* [ACTIVITY]:
Reproduce every entry that follows word for word, but omit the images.
*** DATASET CONTENT Section Begins ***
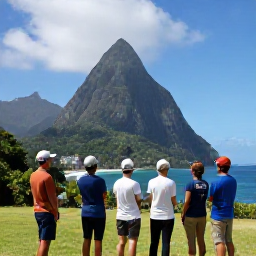 Caribbean Holidays, July Birdwatching, Small guided birdwatching group overlooking the Pitons and Caribbean Sea in Saint Lucia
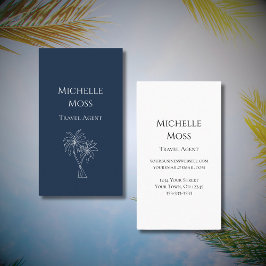 Moderne Marine Blauwe Tropische Palmbomen Tekening Visitekaartje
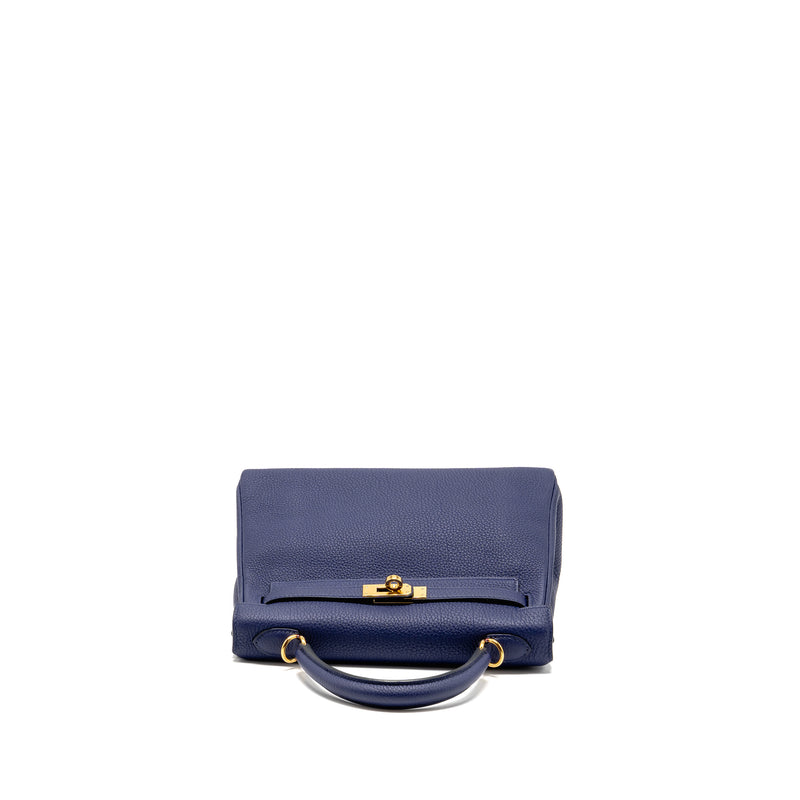 Hermes Kelly 25 Togo Blue GHW Stamp C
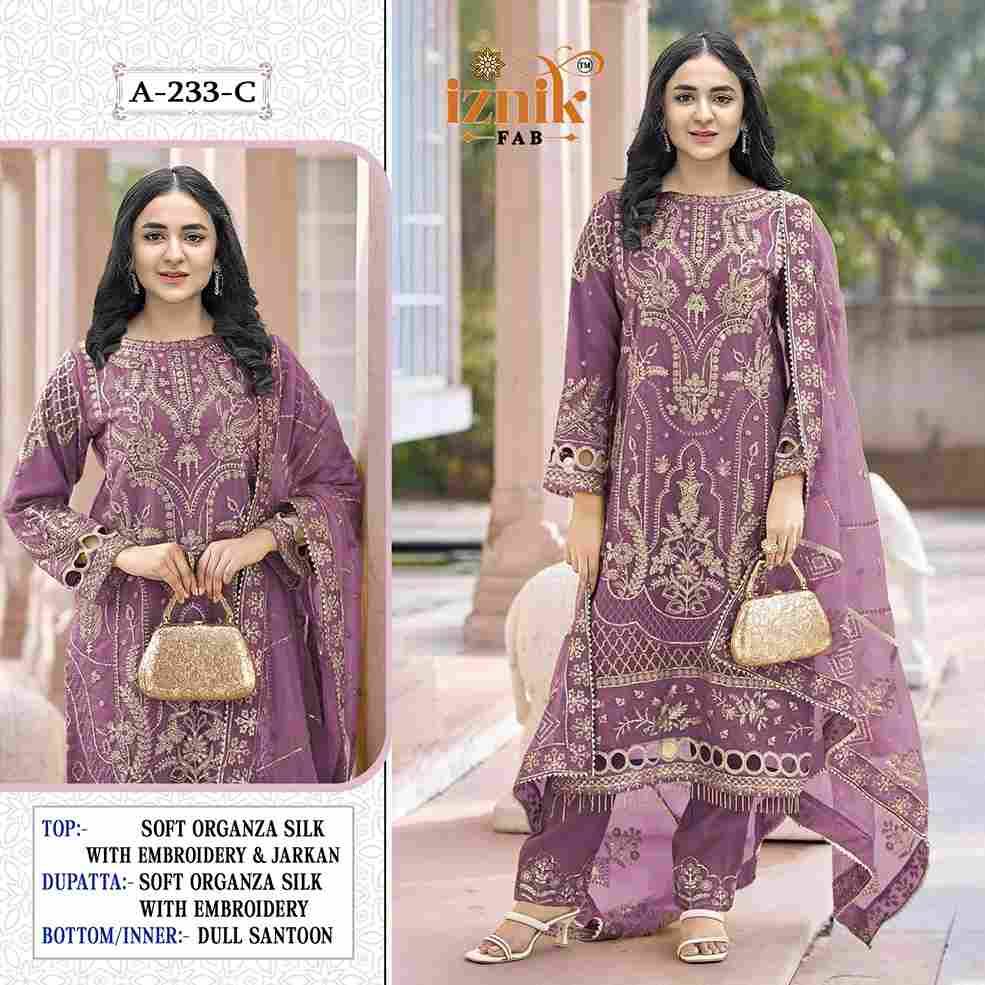 Iznik 233 Colours By Iznik Fab 233-A To 233-D Series Designer Pakistani Suits Beautiful Stylish Fancy Colorful Party Wear & Occasional Wear Organza Silk With Embroidery Dresses At Wholesale Price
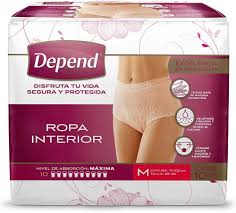 DEPEND ROPA INTERIOR Mujer MED. (Talla 28-40 / Cintura 71-102cm) c/10+2 Pzs.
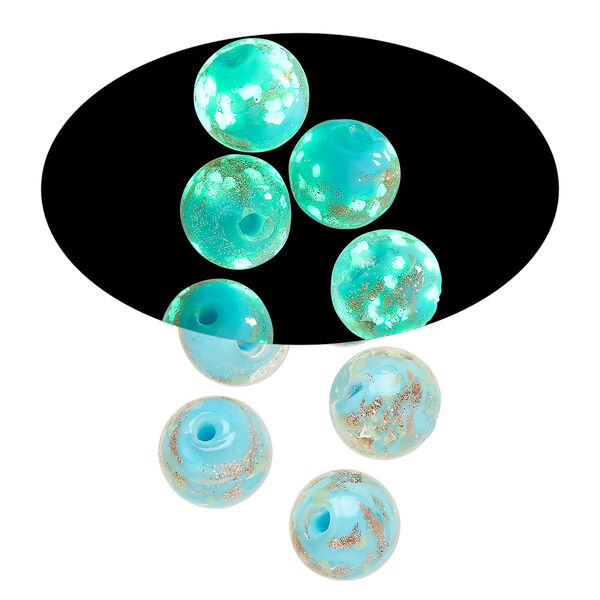 Bead, lampworked glass, clear / light blue / glow-in-the-dark / gold, 8mm round. Sold per pkg of 6. image number 0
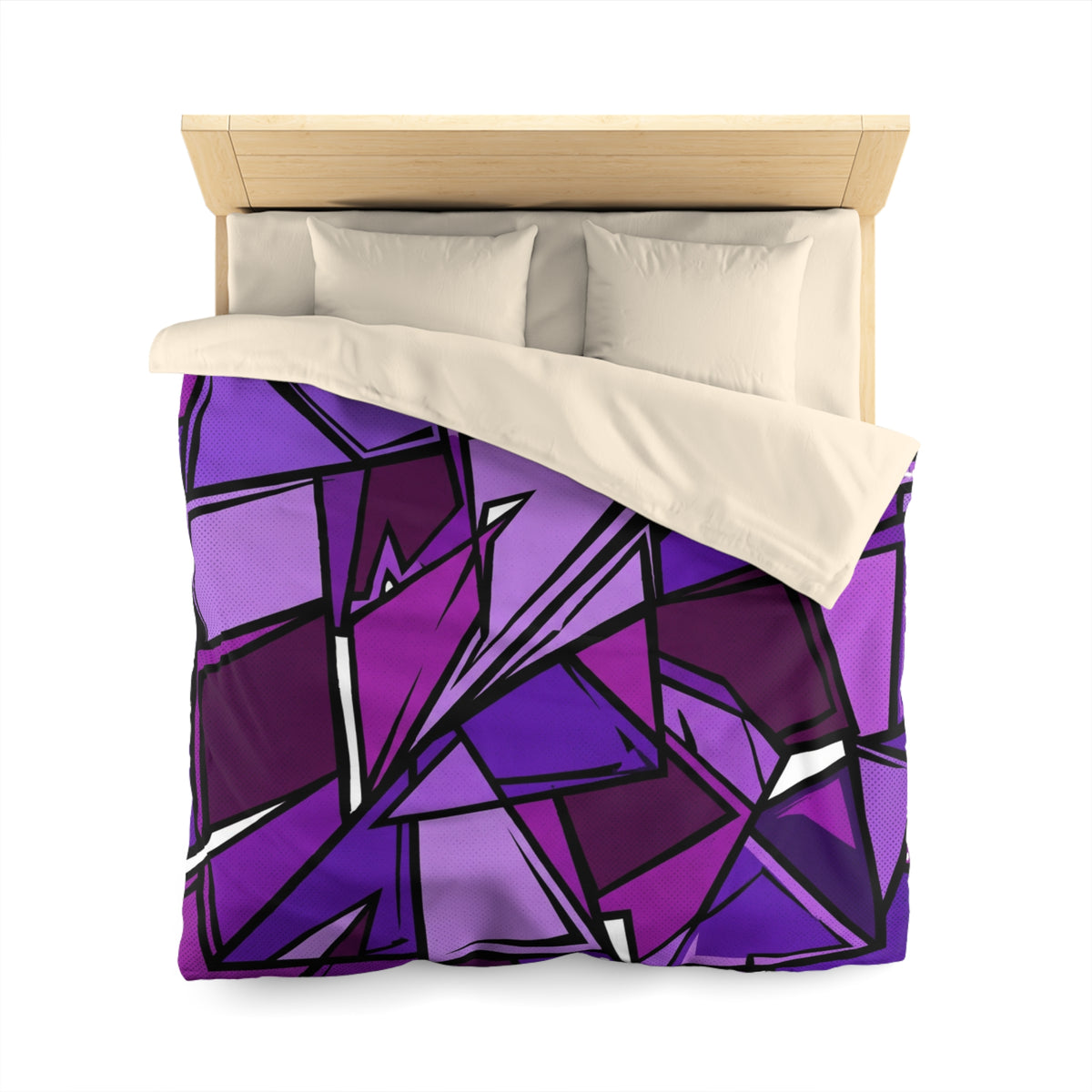 Purple Geometric Abstract Duvet Cover — Modern Shattered Glass Bedding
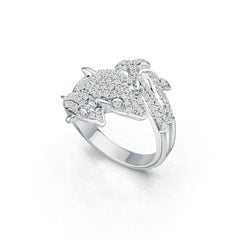 Sterling Silver Ring with White Topaz or Moissanite Dolphin Theme DHJ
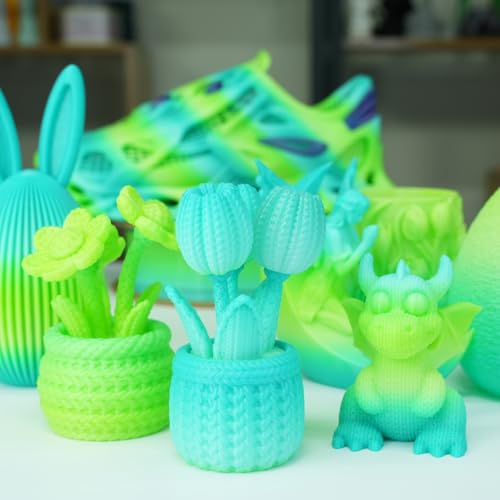 Image of GratKit Gradient PETG Filament, Color Change 3D Printer Filament 1.75mm, 1kg, Multicolor PETG Translucent Gradient Yellow Green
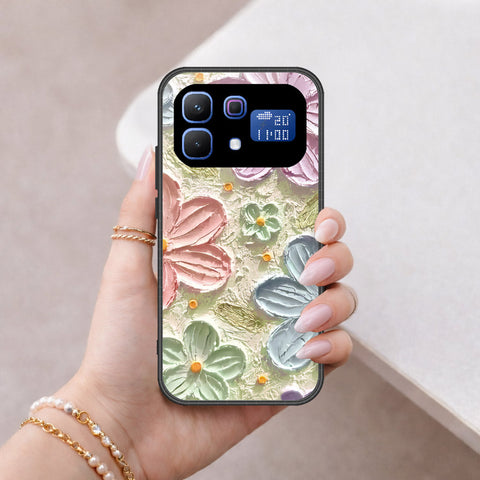 Infinix Note 60 Cover - Floral Series - Design 15 - Blue & Green - HQ Ultra Shine Premium Infinity Glass Soft Silicon Borders Case
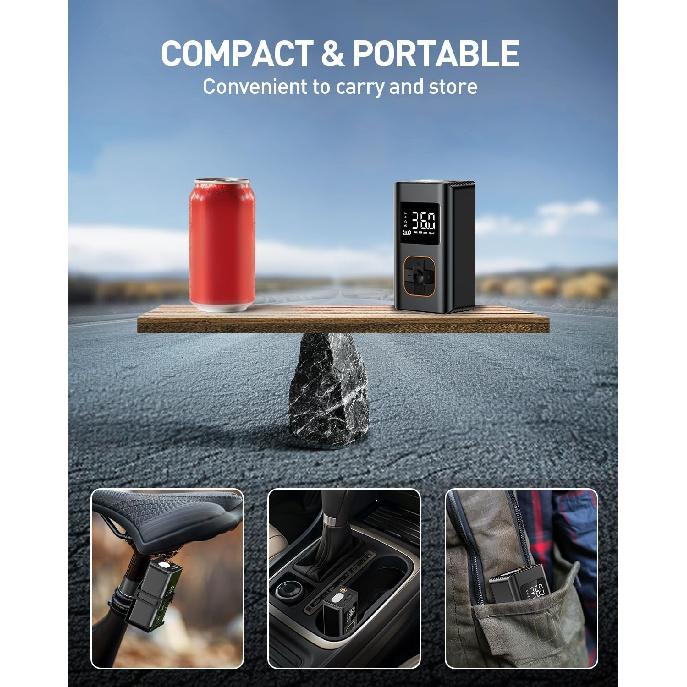 Tire Inflator Portable Air Compressor - 150 PSI Portable Air Pump for Car Tires, Cordless Electric Bike Tire Pump with Digital Pressure Gauge, LED
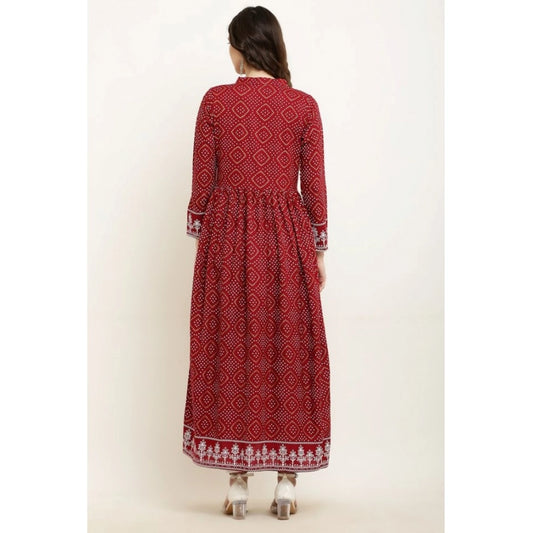 Exquisite Women's Casual Rayon Full sleeve Kurti (Maroon)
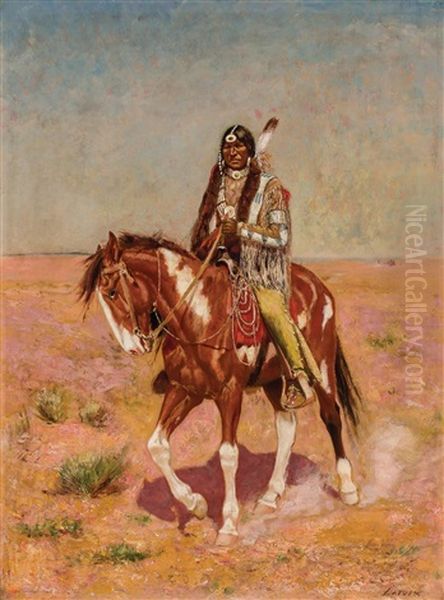 Native American On Horseback Oil Painting by Gaspard Latoix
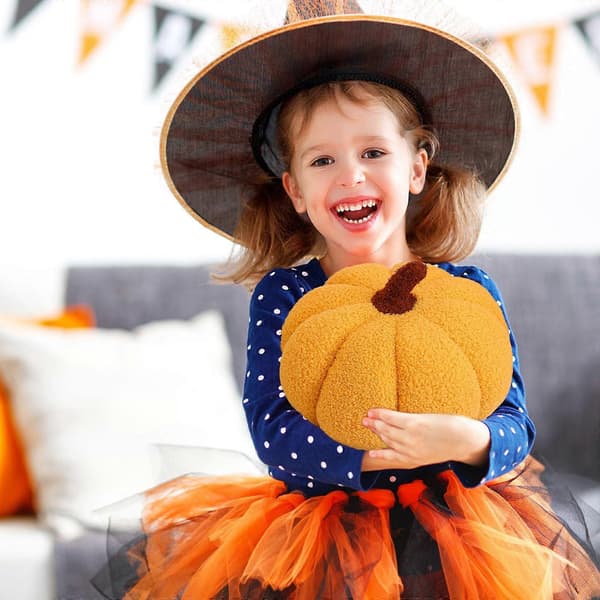 2025 Pumpakudde Halloween Leksak Kudde Stickad Ullstil Pumpa Vardagsrum Soffkudde YE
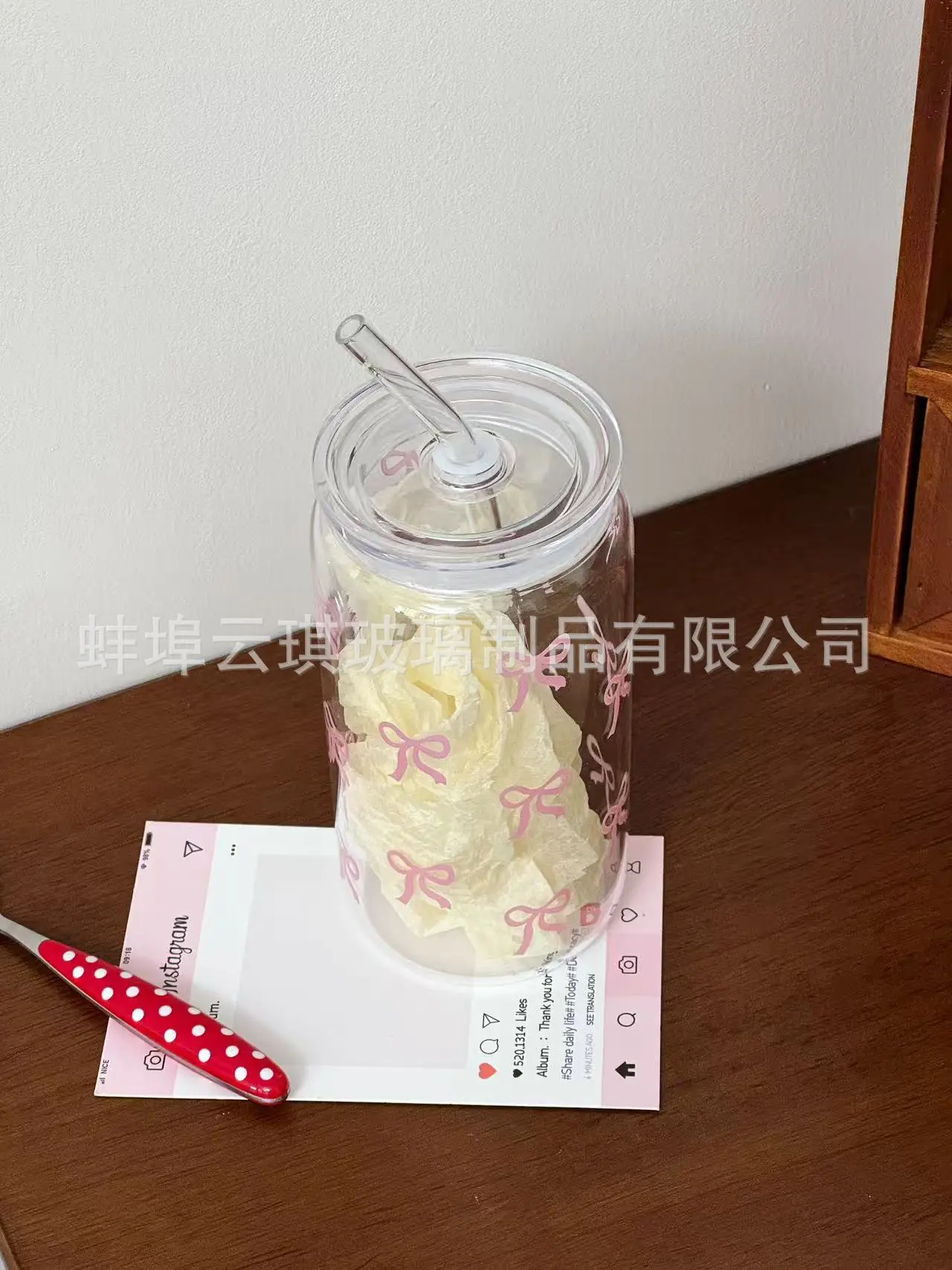 Cross-Border Cute Glass Cup with Lid & Decal — feature 25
*** DATASET CONTENT Section Ends ***
* [ANSWER TO THE PROBLEM]:
 Caribbean Holidays, July Birdwatching, Small guided birdwatching group overlooking the Pitons and Caribbean Sea in Saint Lucia
 Moderne Marine Blauwe Tropische Palmbomen Tekening Visitekaartje
 Hermes Kelly 25 Togo Blue GHW Stamp C
 Iznik 233 Colours By Iznik Fab 233-A To 233-D Series Designer Pakistani Suits Beautiful Stylish Fancy Colorful Party Wear & Occasional Wear Organza Silk With Embroidery Dresses At Wholesale Price
 DEPEND ROPA INTERIOR Mujer MED. (Talla 28-40 / Cintura 71-102cm) c/10+2 Pzs.
 Bead, lampworked glass, clear / light blue / glow-in-the-dark / gold, 8mm round. Sold per pkg of 6. image number 0
 Purple Geometric Abstract Duvet Cover — Modern Shattered Glass Bedding
 Sterling Silver Ring with White Topaz or Moissanite Dolphin Theme DHJ
 Image of GratKit Gradient PETG Filament, Color Change 3D Printer Filament 1.75mm, 1kg, Multicolor PETG Translucent Gradient Yellow Green
 Infinix Note 60 Cover - Floral Series - Design 15 - Blue & Green - HQ Ultra Shine Premium Infinity Glass Soft Silicon Borders Case
 Tire Inflator Portable Air Compressor - 150 PSI Portable Air Pump for Car Tires, Cordless Electric Bike Tire Pump with Digital Pressure Gauge, LED
 Exquisite Women's Casual Rayon Full sleeve Kurti (Maroon)
 Native American On Horseback Oil Painting by Gaspard Latoix
 2025 Pumpakudde Halloween Leksak Kudde Stickad Ullstil Pumpa Vardagsrum Soffkudde YE
 Cross-Border Cute Glass Cup with Lid & Decal — feature 25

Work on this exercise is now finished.